Abstract This study aims to investigate, optimize, and simulate the dispersed phase holdup at flooding conditions for the standard physical systems in a pulsed extraction column with the disc-doughnut configuration. The interaction impacts for operational parameters (pulse intensity and organic and aqueous phase velocities) and interfacial tension (systems type) were examined using the response surface approach. A novel correlation for the dependent parameter, namely holdup at flooding based on the quadratic model, was developed with the central composition design methodology. A desirable agreement between actual data and calculated data from the proposed model was observed because of the high coefficient of determination.
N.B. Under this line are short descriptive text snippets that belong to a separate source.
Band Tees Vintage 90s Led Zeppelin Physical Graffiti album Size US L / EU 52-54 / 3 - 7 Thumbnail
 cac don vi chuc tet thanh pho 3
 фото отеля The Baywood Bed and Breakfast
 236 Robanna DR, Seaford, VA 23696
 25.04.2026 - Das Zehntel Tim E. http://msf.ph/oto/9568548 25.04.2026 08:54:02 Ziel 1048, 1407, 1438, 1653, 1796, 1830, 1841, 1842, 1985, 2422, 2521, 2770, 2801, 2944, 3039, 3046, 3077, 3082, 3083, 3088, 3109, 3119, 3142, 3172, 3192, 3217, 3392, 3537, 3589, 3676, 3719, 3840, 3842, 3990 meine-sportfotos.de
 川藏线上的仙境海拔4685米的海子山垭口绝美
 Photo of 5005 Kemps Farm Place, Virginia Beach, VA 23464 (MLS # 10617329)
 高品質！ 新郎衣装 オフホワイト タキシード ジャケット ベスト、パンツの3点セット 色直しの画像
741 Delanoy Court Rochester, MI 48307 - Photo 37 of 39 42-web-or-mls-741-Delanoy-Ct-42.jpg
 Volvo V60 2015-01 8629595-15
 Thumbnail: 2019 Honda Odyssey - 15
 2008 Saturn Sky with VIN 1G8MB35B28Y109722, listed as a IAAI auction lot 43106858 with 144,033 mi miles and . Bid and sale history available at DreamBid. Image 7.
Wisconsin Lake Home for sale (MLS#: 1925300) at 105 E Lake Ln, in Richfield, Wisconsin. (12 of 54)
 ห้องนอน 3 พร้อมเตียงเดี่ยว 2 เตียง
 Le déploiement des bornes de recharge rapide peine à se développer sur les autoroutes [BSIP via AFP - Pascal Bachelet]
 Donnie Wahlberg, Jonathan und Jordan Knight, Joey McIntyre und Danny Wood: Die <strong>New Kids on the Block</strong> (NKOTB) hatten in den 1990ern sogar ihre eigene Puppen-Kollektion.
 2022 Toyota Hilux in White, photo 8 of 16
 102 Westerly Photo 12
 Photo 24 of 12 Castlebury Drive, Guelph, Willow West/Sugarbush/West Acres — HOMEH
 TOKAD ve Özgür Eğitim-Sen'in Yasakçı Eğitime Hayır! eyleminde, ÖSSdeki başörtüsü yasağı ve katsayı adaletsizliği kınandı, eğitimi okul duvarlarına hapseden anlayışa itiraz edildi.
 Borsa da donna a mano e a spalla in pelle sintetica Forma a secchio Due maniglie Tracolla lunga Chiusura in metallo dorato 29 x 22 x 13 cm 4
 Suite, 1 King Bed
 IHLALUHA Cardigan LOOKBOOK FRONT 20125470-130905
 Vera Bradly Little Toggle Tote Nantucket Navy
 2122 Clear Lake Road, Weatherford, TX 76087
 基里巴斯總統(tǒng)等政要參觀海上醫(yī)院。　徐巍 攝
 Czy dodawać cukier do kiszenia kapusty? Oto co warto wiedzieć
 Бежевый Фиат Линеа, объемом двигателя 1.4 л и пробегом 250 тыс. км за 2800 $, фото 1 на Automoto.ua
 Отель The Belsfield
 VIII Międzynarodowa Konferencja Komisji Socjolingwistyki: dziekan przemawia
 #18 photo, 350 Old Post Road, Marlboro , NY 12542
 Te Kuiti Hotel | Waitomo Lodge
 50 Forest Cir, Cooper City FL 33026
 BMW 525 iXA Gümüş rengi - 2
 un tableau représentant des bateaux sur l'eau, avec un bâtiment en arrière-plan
The maximized holdup at flooding was optimized at 0.43, when the interfacial tension, pulse intensity, organic phase velocity, and aqueous phase velocity were equal to 0.019 N/m, 3.97 cm/s, 2.93 mm/s, and 0.78 mm/s, respectively. The uncertainty analysis with the Monte-Carlo simulation was investigated to predict the sensitivity of input factors on the flooding curves in the pulsed column. Based on the simulation results, the pulsation intensity has the most critical impact on the output results. At the same time, the influence of the density and viscosity can be negligible on the dispersed phase holdup at flooding.